All posts by Alex Leith

Hugh Saalmans: “No amount of machine learning could solve a 999999 error!”

Hugh Saalmans
Hugh Saalmans
Hugh Saalmans (@minus34) is a geogeek and IT professional that heads the Location Engineering team at IAG, Australia & New Zealand’s largest general insurer. He’s also one of the founders of GeoRabble -- an inclusive, zero-sales-pitch pub meetup for geogeeks to share their stories. His passion is hackfests & open data, and he’s big fan of open source and open standards.

Q: How did you end up in geospatial?

A: A love of maths and geography is the short answer. The long answer is I did a surveying degree that covered everything spatial from engineering to geodesy.

My first experience with GIS was ArcGIS on Solaris (circa 1990) in a Uni lab with a severely underpowered server. Out of the 12 workstations, only 10 of us could log in at any one time, and then just 6 of us could actually get ArcGIS to run. Just as well, considering most of the students who could get it to work, including myself, ballsed up our first lab assignment by turning some property boundaries into chopped liver.

Besides GIS, my least favourite subjects at Uni were GPS and geodesy. So naturally I chose a career in geospatial information.

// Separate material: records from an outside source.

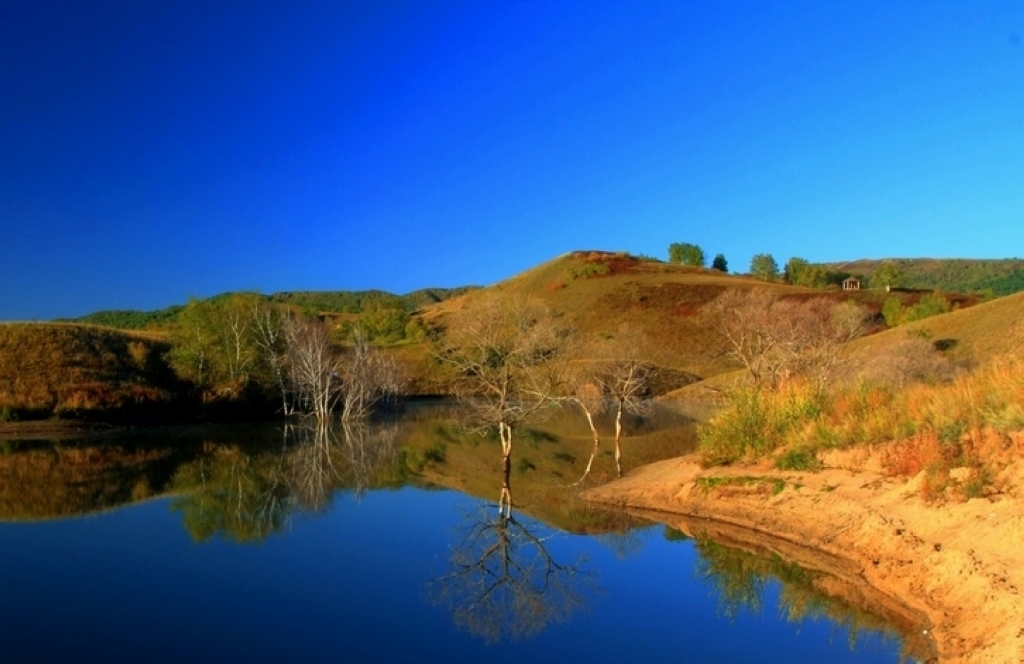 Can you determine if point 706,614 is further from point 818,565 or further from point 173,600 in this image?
point 173,600

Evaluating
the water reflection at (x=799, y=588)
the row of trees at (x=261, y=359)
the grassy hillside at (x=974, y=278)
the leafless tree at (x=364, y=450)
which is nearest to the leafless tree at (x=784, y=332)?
the water reflection at (x=799, y=588)

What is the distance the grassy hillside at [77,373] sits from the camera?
156ft

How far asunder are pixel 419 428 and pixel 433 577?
34.8m

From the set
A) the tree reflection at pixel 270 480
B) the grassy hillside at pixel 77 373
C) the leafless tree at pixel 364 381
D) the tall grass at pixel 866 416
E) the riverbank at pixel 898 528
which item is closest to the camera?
the riverbank at pixel 898 528

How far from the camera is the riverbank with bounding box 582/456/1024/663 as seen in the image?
10742 mm

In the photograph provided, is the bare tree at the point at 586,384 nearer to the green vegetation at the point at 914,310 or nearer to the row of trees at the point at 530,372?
the row of trees at the point at 530,372

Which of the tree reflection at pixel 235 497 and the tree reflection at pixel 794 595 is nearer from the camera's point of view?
the tree reflection at pixel 794 595

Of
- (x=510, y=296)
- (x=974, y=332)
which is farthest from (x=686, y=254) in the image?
(x=974, y=332)

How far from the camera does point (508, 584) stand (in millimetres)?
15805

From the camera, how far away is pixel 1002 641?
961 centimetres

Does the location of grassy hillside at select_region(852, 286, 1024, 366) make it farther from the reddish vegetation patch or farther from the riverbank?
the reddish vegetation patch

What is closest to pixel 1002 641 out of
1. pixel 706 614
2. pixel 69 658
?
pixel 706 614

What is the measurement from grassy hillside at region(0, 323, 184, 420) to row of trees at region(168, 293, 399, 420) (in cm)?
275

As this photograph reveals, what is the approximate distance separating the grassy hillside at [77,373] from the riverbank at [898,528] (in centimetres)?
3784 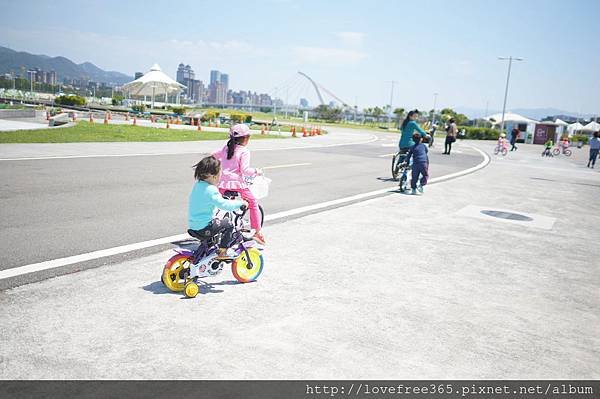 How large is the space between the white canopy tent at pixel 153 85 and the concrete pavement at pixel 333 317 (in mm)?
40447

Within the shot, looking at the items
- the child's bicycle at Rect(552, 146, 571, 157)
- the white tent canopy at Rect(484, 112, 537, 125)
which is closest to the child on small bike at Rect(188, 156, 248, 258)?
the child's bicycle at Rect(552, 146, 571, 157)

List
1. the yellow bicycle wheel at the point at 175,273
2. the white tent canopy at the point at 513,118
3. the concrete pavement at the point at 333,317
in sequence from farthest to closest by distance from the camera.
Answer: the white tent canopy at the point at 513,118 → the yellow bicycle wheel at the point at 175,273 → the concrete pavement at the point at 333,317

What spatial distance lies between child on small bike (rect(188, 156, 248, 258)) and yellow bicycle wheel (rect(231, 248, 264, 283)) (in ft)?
Answer: 1.40

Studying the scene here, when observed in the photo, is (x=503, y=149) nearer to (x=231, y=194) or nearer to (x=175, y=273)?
(x=231, y=194)

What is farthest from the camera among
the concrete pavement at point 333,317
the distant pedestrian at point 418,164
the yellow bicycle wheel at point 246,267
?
the distant pedestrian at point 418,164

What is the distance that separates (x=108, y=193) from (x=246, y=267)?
520 cm

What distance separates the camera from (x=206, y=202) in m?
4.70

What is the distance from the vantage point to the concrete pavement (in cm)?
343

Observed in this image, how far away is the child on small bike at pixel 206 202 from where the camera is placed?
4691 mm

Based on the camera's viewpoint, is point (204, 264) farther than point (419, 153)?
No

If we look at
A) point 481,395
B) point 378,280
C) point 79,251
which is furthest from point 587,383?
point 79,251

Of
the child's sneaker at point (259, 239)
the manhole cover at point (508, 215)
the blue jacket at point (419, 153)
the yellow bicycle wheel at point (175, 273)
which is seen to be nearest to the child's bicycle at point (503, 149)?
the blue jacket at point (419, 153)

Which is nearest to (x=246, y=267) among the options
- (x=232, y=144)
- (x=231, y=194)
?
(x=231, y=194)

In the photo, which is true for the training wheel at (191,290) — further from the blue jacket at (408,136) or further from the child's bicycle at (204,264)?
the blue jacket at (408,136) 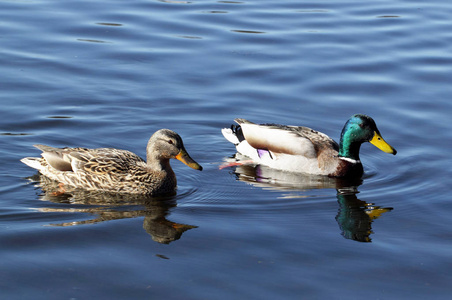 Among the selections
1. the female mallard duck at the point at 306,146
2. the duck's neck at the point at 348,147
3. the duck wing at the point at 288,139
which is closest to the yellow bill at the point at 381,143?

Q: You work for IAG. What does the company do?

A: Being a general insurer, we cover about $2 trillion worth of homes, motor vehicles, farms, and businesses against bad things happening.

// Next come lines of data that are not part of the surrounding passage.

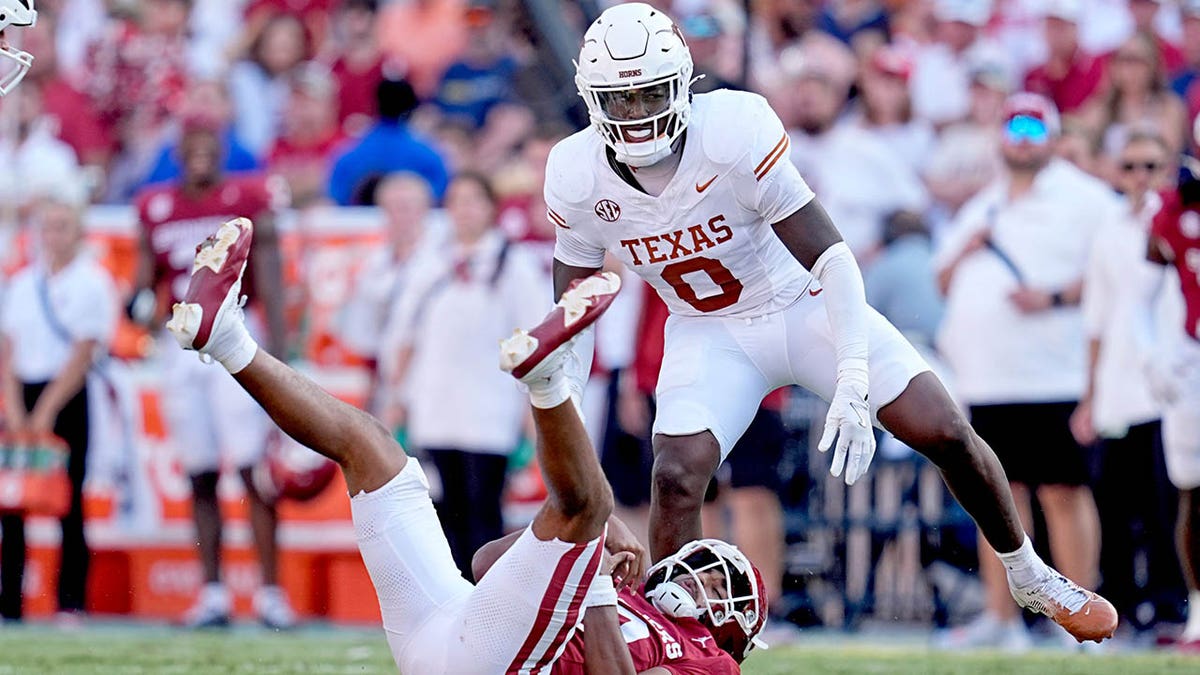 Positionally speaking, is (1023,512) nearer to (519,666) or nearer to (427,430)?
(427,430)

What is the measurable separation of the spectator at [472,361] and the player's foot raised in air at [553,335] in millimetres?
4521

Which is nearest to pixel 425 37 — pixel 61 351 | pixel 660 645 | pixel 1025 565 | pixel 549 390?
pixel 61 351

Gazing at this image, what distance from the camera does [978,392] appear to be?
8.84 m

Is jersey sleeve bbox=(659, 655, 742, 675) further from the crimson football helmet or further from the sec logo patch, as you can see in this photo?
the sec logo patch

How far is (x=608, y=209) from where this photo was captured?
5.77 metres

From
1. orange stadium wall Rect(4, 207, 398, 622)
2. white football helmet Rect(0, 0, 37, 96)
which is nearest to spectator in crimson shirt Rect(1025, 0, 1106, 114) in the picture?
orange stadium wall Rect(4, 207, 398, 622)

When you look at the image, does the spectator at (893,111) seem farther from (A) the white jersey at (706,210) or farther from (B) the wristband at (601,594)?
(B) the wristband at (601,594)

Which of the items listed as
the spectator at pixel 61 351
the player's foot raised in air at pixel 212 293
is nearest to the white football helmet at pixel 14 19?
the player's foot raised in air at pixel 212 293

Geospatial is a big part of what we do. Knowing where those $2tn of assets are allows us to do fundamental things like providing individualised address level pricing — something common in Australia, but not so common in the US due to insurance pricing regulations. Knowing where assets are also allows us to help customers when something bad does happen. That goes to the core of what we do in insurance. That’s when we need to fulfill the promise we made to our customers when they took out a policy.

Q: What on Earth is Location Engineering?

A: We’re part of a movement that’s happening across a lot of domains that use geo-information: changing from traditional data-heavy, point & click delivery to scripting, automation, cloud, & APIs. We’re a team of geospatial analysts becoming a team of DevOps engineers that deliver geo-information services. So we needed a name to reflect that.

From a skills point of view — we’re moving from desktop analysis & publishing with a bit of SQL & Python to a lot of Bash, SQL, Python & Javascript with Git, JIRA, Bamboo, Docker and a few other tools & platforms that aren’t that well known in geo circles. We’re migrating from Windows to Linux, desktop to cloud, and licensed to open source. It’s both exciting and daunting to be doing it for an $11bn company!

Q: You’ve been working in the GIS industry for twenty years, how has that been?

A: It’s been great to be a part of 20+ years of geospatial evolutions and revolutions, witnessing geospatial going from specialist workstations to being a part of everyday life, accessible on any device. It’s also been exciting watching open source go from niche to mainstream, government data go from locked down to open, and watching proprietary standards being replaced with open ones.

It’s also been frustrating at times being part of an industry that has a broad definition, no defined start or end (“GIS is everywhere!”), and limited external recognition. In Australia we further muddy the waters by having university degrees and industry bodies that fuse land surveying and spatial sciences into a curious marriage of similar but sometimes opposing needs. Between the limited recognition of surveying as a profession and of geospatial being a separate stream within the IT industry, it’s no real surprise that our work remains a niche that needs to be constantly explained, even though what we do is fundamental to society. In the last 5 years we’ve tried to improve that through GeoRabble, creating a casual forum for anyone to share their story about location, regardless of their background or experience. We’ve made some good progress: almost 60 pub meetups in 8 cities across 3 countries (AU, NZ & SA), with 350 presentations and 4,500 attendees.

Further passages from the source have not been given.